Chris Mumma, the executive director of the North Carolina Center on Actual Innocence, believes her client Mark Carver is sitting in prison, sentenced to life, for a murder he didn’t commit.
Mumma’s organization receives about 600 requests every year from inmates who say they have been wrongfully convicted. But she knows a winning case comes along far less often. In fact NCAI accepts only 2 percent of all the inmate appeals it receives.
“Mark’s case met all the criteria for us,” Mumma, Carver’s attorney, told ABC News “20/20.”
Carver was convicted of first-degree murder in 2011 for the murder of 20-year-old UNC Charlotte Ira Yarmolenko.
“We think Mark is innocent, and if Mark is innocent, the family has not received justice, and the true perpetrator is still out on the streets,” Mumma said.
Yarmolenko was found dead on the banks of the Catawba River in Mount Holly, N.C., on May 5, 2008. She was lying beside her car with three ligatures around her neck, which police say asphyxiated her. One was a drawstring that had been taken out of her hooded sweatshirt, and the others were a bungee cord and a blue ribbon that had been ripped from a bag police found in the back seat of her car.
At the time, Carver was fishing on the river about 100 yards away with his cousin, Neal Cassada. Carver said he cooperated with police, voluntarily speaking with them on four different occasions. Both he and Cassada agreed to allow their cheeks to be swabbed for DNA testing.
In December of 2008, seven months after Yarmolenko’s murder, police received the break they had been waiting for. Trace amount of touch DNA were found on Yarmolenko’s car that match both Carver and Cassada.
The men were arrested and charged with first-degree murder but Cassada died of a heart attack the day before the his trial was set to begin.
At trial, prosecutors argued that Carver’s “touch DNA” was found on the outside of Yarmolenko’s car above the rear driver’s side door.
Unlike more traditional forms of DNA found in blood or saliva, touch DNA comes from skin cells. In 2008, when the murder occurred, the ability to lift DNA from an object that had merely been touched was cutting edge forensic science.
Mumma said it was two months before Yarmolenko’s car was swabbed for DNA and only traces of Carver and Cassada’s DNA were found. Carver’s DNA was not found on Yarmolenko’s body, her clothing, the ligatures used to strangle her, nor inside the car.
“Under her fingernails there were two profiles,” Mumma said. “There was hers, which you would expect to find there, but there also was another profile that was unidentified.”
To this day, police have not been able to determine who the “unidentified” DNA belongs to.

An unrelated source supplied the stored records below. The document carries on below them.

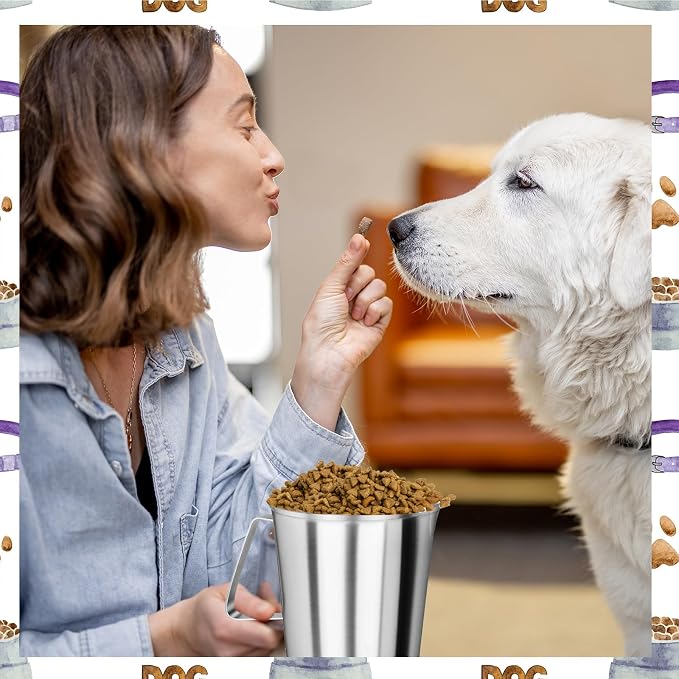 6 Cup Dog Food Scoop 304 Stainless Steel Dog Food Measuring Cups for Cat or Bird Pet Foods, Injection Molded and Dishwasher Safe (6 Cup)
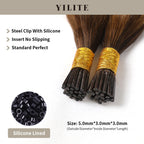 (#P4/27/T4) U Tip Hair Extensions Shown with Silicone-Lined Beads for Illustration (5.0×3.0×3.0mm)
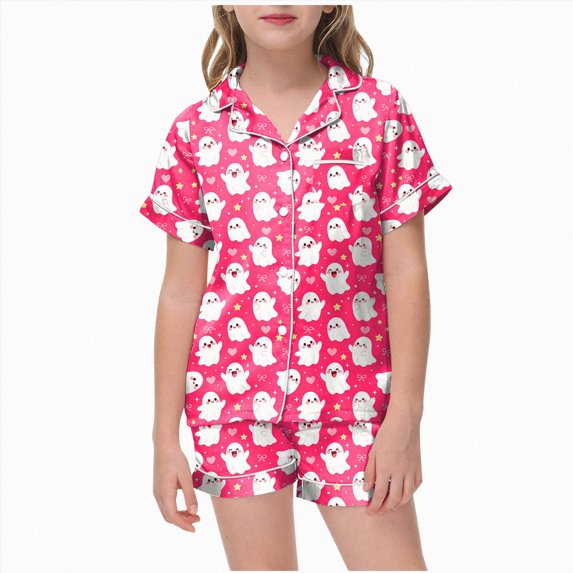 UAYOTSE Short‑Sleeve Collared Satin Pajama for Girls, Button‑Down Top and Sleep Shorts, Soft‑Touch Kids Home Pjs for Holiday‑Season Indoor Wear Size 8-9 Years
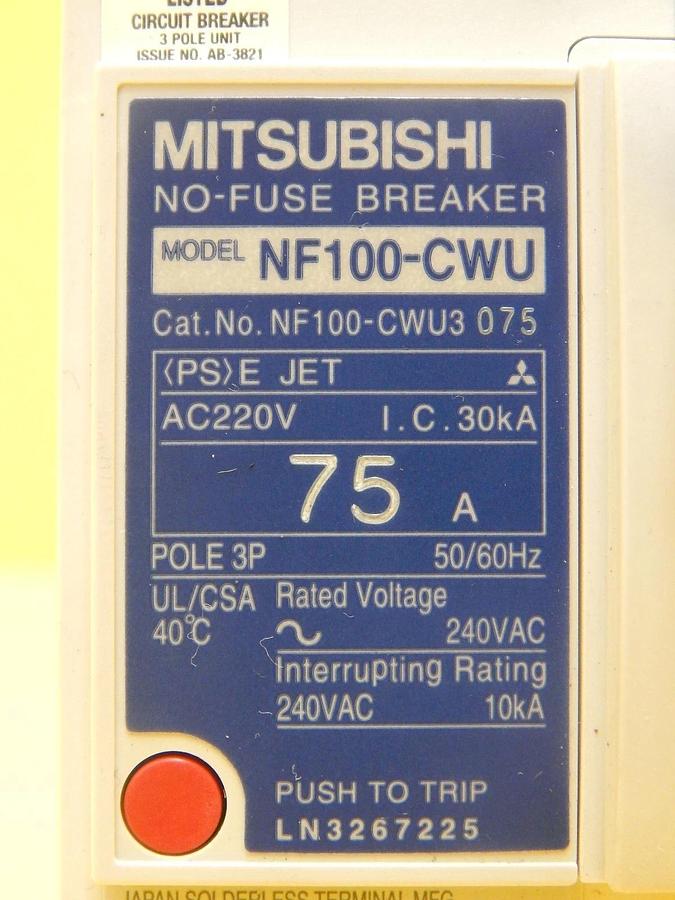Used Mitsubishi NF100-CWU3 075 Circuit Breaker NF100-CWU Reseller Lot of 4 Used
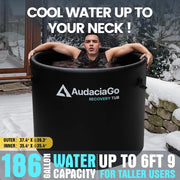 XXL Ice Bath Tub for Athletes, Compatible with Water Chillers, 216-Gallon Inflatable Cold Plunge Tub with Insulated Lid, Thermometer, Water-Absorbent Mat, Portable for Outdoor & Indoor Recovery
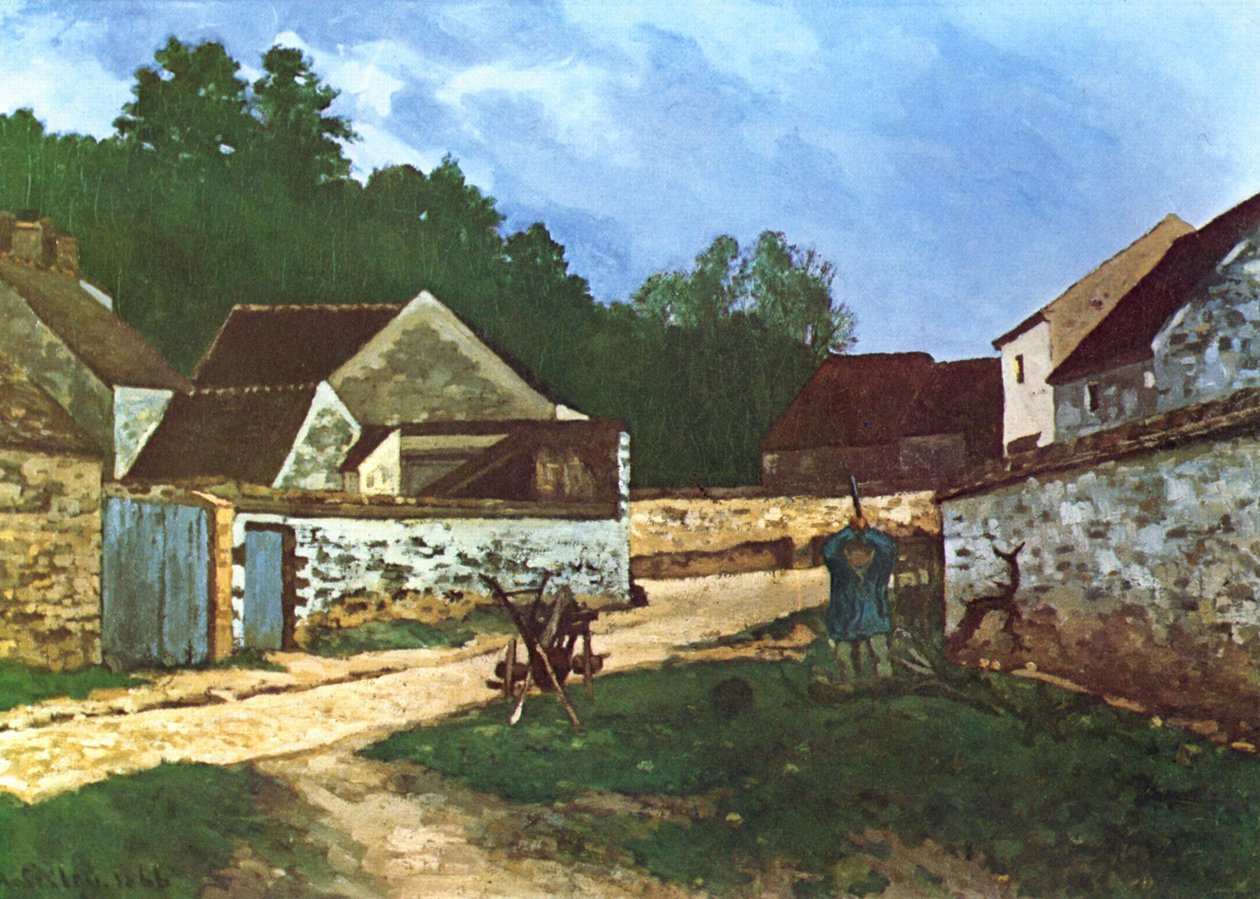 Rue de village à Marlotte tekijältä Alfred Sisley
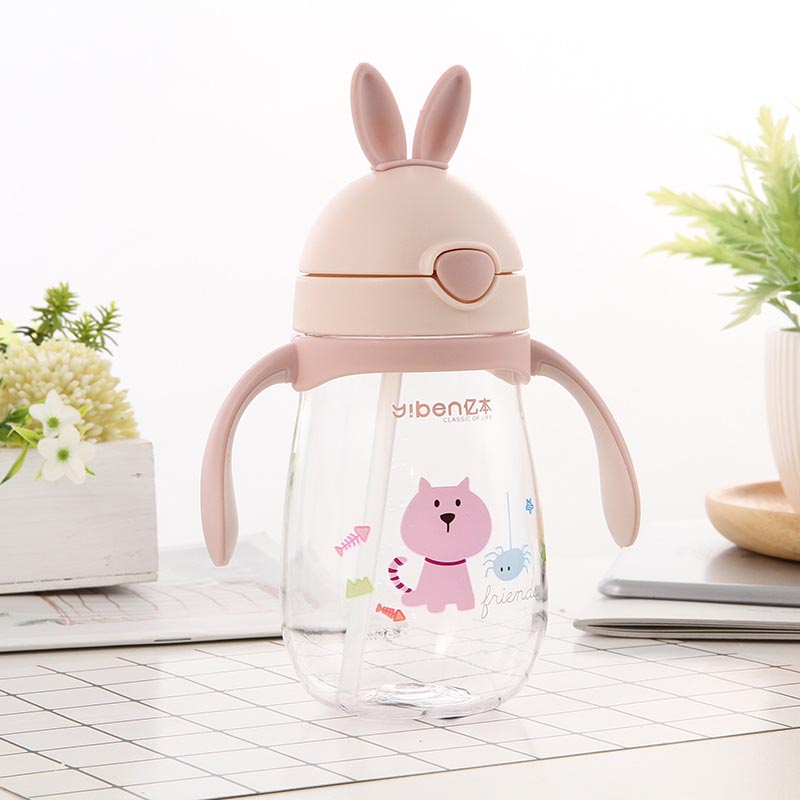 Cute Rabbit Shaped Baby's BPA Free Feeding Bottle with Straw Cute Rabbit Shaped Baby's BPA Free Feeding Bottle with Straw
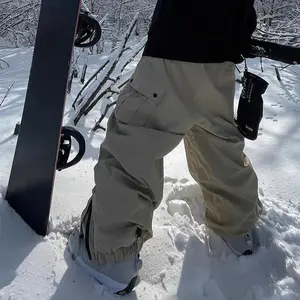New Unisex Ski/Snowboard Pants – Elastic Waist, Casual Solid Color, Baggy Loose Fit, High Street Style, Hip Hop Design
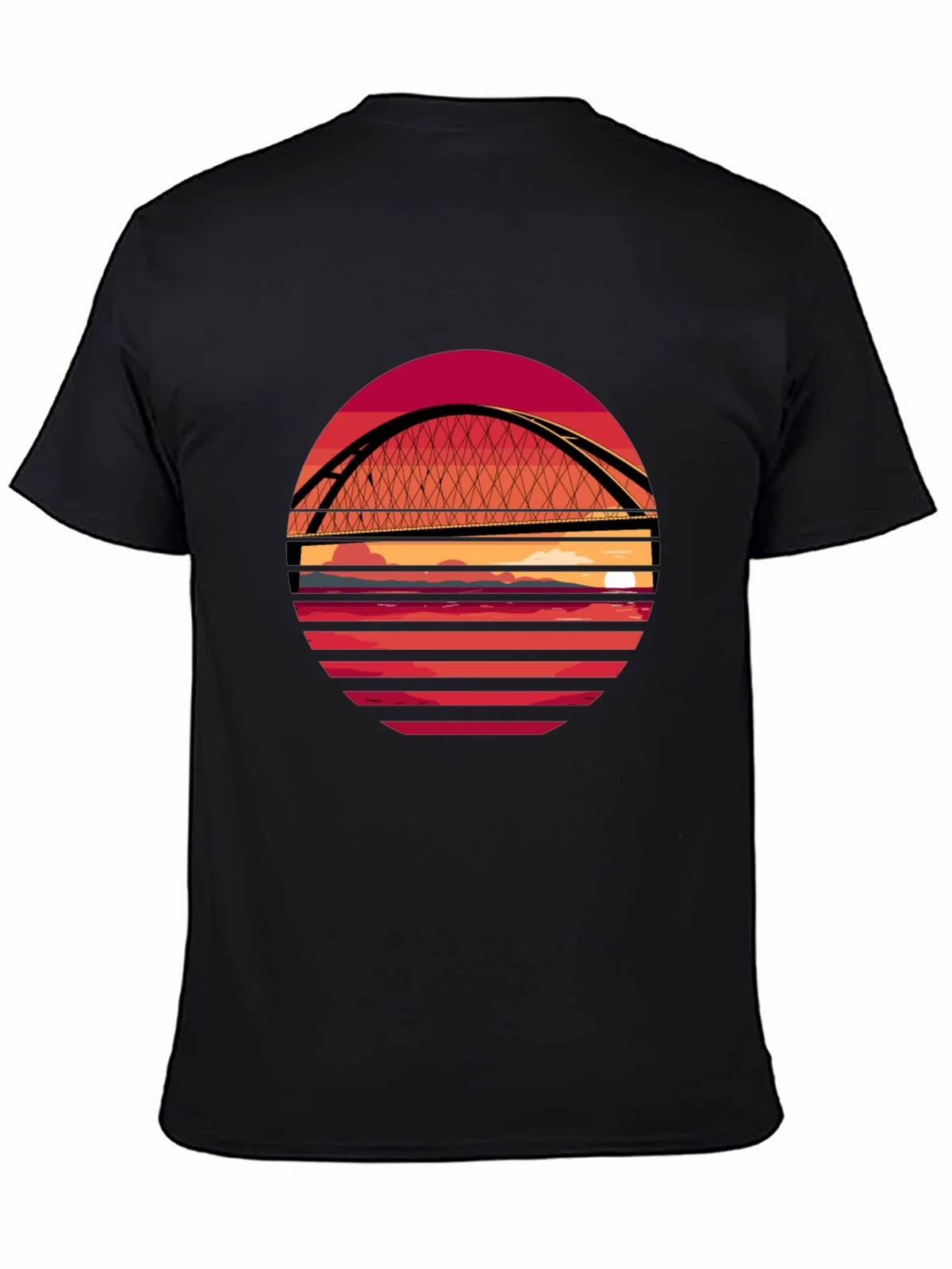 Sunset Bridge Graphic T-Shirt - Stylish Crew Neck Tee product image 4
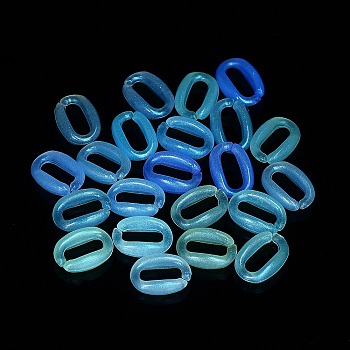 Luminous Rainbow Iridescent Plating Acrylic Linking Rings, Glow in the Dark Glitter Quick Link Connector, Oval, for Cable Chain Making, Mixed Color, 15.5x11x6mm, Inner Diameter: 10.5x4.5mm, about 1260pcs/500g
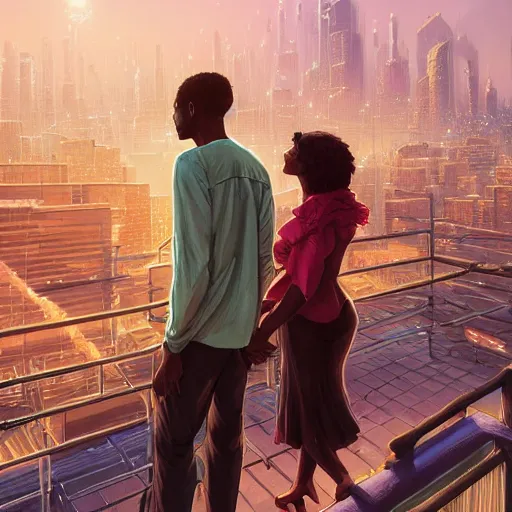 Image similar to highly detailed portrait of a black couple on the rooftop, synthwave city, stephen bliss, unreal engine, fantasy art by greg rutkowski, loish, rhads, ferdinand knab, makoto shinkai and lois van baarle, ilya kuvshinov, rossdraws, tom bagshaw, global illumination, radiant light, detailed and intricate environment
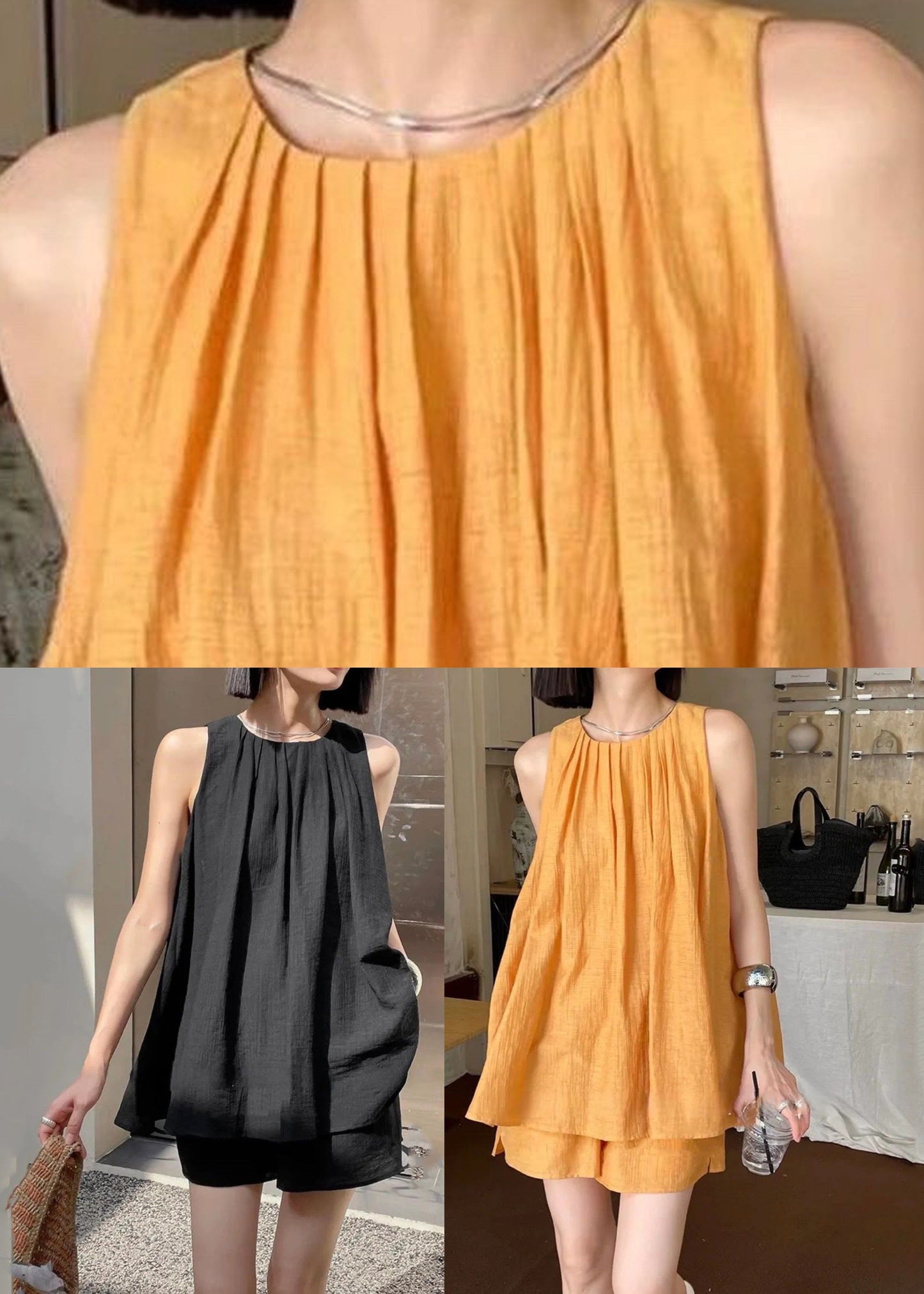French Orange O-neck Vest and Shorts Two Pieces Set Summer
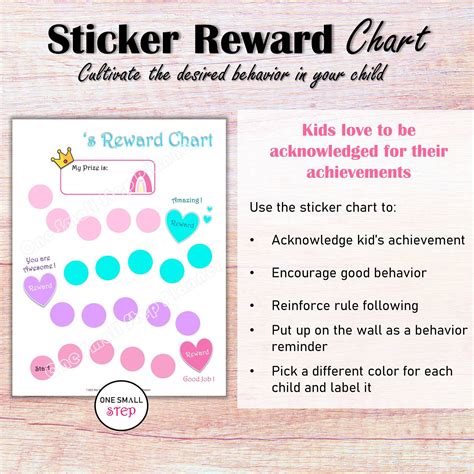 Reward Sticker Chart Kids Reward Chart Girl Sticker Chart - Etsy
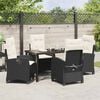 vidaXL Set da Pranzo per Giardino con cuscino 5 pcs Nero polyrattan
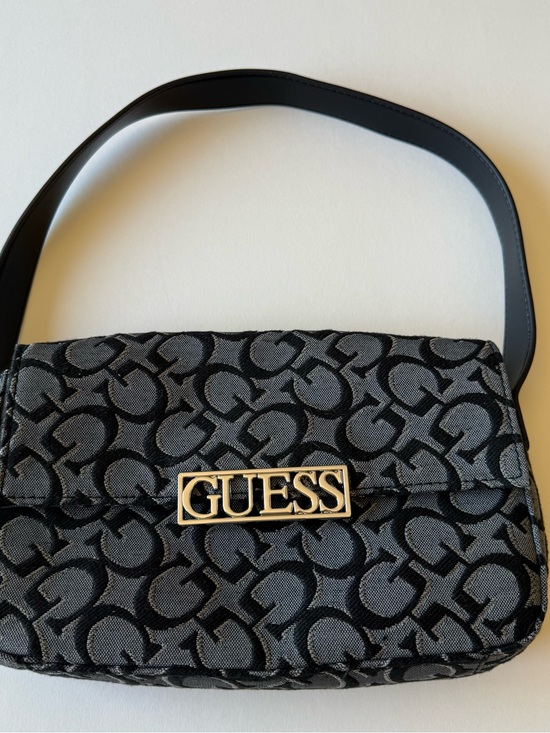Guess Handbags - Guess Black Gray Monogram Shoulder Bag Y2K Mini
Purse Gold Logo Clasp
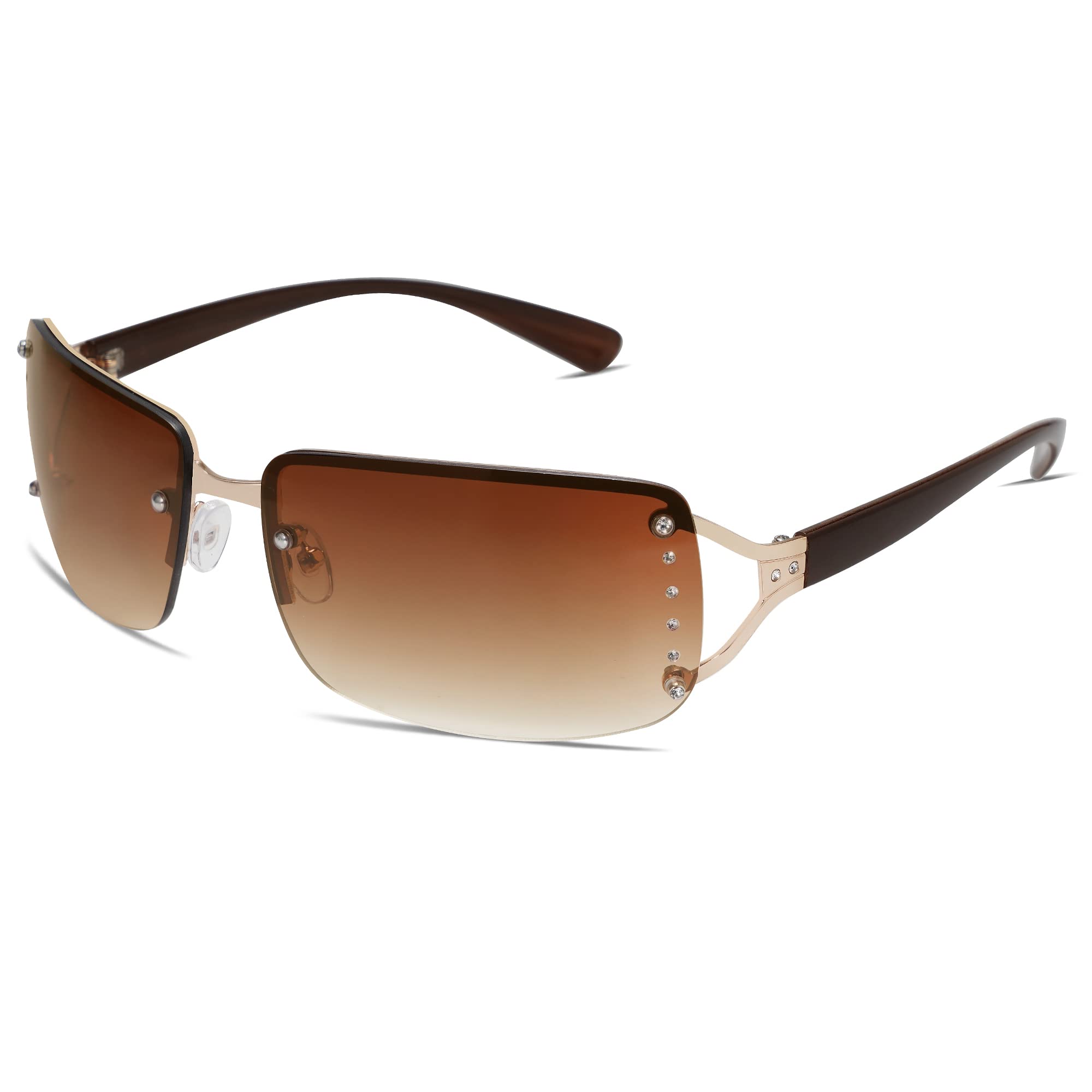 Photo 1 of VANLINKER Rimless Frameless Rectangle Sunglasses for Women Stylish Y2k Shades Brown Metal Frame VL9642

Mumma thinks there could be another explanation for how Carver’s touch DNA ended up on Yarmolenko’s car. On the day of the murder a police officer found Carver on the river and spoke to him, who took Carver’s driver’s license and shook his hand. Mumma said that the officer could have transferred Carver’s DNA indirectly to Yarmolenko’s car when he returned to the crime scene. Photos and video from the scene show that some of the officers that day were not wearing gloves, even while they touched the car.
“They're touching the inside of the car, they're touching the outside of the car, they're touching the doors, the handles, it's contaminated,” Mumma said.
Mumma said she also found a witness, who asked not to be identified for this report, who said he was on the Catawba River the day of the murder and spoke to Carver in the crucial period between when Yarmolenko was killed and when that police office arrive to speak to him.
“We talked about fishing,” the witness told “20/20.” “And we talked about his family, and we had a good conversation for about 30 to 35 minutes.”
The man said he didn’t notice anything about Carver that suggested he had just been through a homicidal struggle.
“Mr. Carver wasn’t muddy, he wasn’t wet. He had no scratches on him,” the witness said. “He was just as normal as anybody could be normal, just sitting on the back of his SUV fishing.”
Mumma thinks this witness’s testimony could have been important at Carver’s trial but he was never called to testify.
Mumma says the only way to resolve the questions surrounding Carver’s guilt is for Gaston County District Attorney Locke Bell to release the DNA evidence to be retested. But she says Bell has so far refused her requests. Prosecutors in this case refused to speak with "20/20" but they have always steadfastly defended the touch DNA evidence.
"He has refused to allow the state lab to give us the electronic data. There’s ways to get to the answers in these cases collaboratively,” Mumma said.
On Thursday, Mumma filed a post-conviction motion demanding Carver receive a new trial. One big factor she argues in her motion is that Carver had ineffective counsel at his first trial. She would like another jury to hear the evidence that the first one never did.
“We will certainly be saying … that he should have had a forensic expert of his own testifying,” Mumma said.
Mumma hopes to deliver a second chance for Carver, even though she knows it won’t be easy.
“We’ve been around this block enough to know it's not good to bet on it. So we’re going to fight for him and, you know, we’re going to hope that the district attorney will work with us,” Mumma said.